Supplied records below:

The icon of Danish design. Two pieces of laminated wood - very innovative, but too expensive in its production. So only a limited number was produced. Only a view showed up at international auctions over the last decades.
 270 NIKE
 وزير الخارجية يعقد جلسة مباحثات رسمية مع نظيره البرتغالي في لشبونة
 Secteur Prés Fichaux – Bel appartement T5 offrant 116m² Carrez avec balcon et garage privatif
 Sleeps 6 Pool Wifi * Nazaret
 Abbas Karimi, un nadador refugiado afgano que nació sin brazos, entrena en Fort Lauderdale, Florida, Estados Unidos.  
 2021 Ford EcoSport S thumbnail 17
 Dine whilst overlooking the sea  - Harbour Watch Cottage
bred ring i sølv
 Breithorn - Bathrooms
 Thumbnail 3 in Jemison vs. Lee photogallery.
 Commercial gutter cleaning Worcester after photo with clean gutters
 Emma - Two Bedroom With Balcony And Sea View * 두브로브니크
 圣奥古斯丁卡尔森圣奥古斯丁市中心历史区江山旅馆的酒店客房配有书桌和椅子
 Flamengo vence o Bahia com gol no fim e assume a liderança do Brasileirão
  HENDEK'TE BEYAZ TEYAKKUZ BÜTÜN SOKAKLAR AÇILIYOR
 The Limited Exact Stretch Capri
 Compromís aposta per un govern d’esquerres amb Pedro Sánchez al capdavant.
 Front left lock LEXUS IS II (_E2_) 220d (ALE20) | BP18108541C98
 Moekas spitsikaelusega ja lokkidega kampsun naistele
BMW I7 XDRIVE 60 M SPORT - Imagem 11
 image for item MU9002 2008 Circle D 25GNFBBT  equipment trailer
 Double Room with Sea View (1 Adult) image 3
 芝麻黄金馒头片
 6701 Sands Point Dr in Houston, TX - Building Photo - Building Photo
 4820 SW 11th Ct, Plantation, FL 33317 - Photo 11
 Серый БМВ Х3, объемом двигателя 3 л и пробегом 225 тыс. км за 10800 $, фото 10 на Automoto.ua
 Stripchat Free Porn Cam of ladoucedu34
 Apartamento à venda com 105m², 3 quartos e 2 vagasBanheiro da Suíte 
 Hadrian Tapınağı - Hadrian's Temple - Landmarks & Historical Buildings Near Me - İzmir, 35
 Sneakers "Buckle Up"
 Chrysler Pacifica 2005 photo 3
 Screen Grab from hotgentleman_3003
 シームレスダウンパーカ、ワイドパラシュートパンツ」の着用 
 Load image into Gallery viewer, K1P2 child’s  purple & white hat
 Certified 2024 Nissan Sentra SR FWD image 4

End of Supplied records.

What you will do:
Which lines run from the one containing "圣奥古斯丁卡尔森圣奥古斯丁市中心历史区江山旅馆的酒店客房配有书桌和椅子" to the final line of the entries? Return those lines exactly, and only those.

The completed task:
 圣奥古斯丁卡尔森圣奥古斯丁市中心历史区江山旅馆的酒店客房配有书桌和椅子
 Flamengo vence o Bahia com gol no fim e assume a liderança do Brasileirão
  HENDEK'TE BEYAZ TEYAKKUZ BÜTÜN SOKAKLAR AÇILIYOR
 The Limited Exact Stretch Capri
 Compromís aposta per un govern d’esquerres amb Pedro Sánchez al capdavant.
 Front left lock LEXUS IS II (_E2_) 220d (ALE20) | BP18108541C98
 Moekas spitsikaelusega ja lokkidega kampsun naistele
BMW I7 XDRIVE 60 M SPORT - Imagem 11
 image for item MU9002 2008 Circle D 25GNFBBT  equipment trailer
 Double Room with Sea View (1 Adult) image 3
 芝麻黄金馒头片
 6701 Sands Point Dr in Houston, TX - Building Photo - Building Photo
 4820 SW 11th Ct, Plantation, FL 33317 - Photo 11
 Серый БМВ Х3, объемом двигателя 3 л и пробегом 225 тыс. км за 10800 $, фото 10 на Automoto.ua
 Stripchat Free Porn Cam of ladoucedu34
 Apartamento à venda com 105m², 3 quartos e 2 vagasBanheiro da Suíte 
 Hadrian Tapınağı - Hadrian's Temple - Landmarks & Historical Buildings Near Me - İzmir, 35
 Sneakers "Buckle Up"
 Chrysler Pacifica 2005 photo 3
 Screen Grab from hotgentleman_3003
 シームレスダウンパーカ、ワイドパラシュートパンツ」の着用 
 Load image into Gallery viewer, K1P2 child’s  purple & white hat
 Certified 2024 Nissan Sentra SR FWD image 4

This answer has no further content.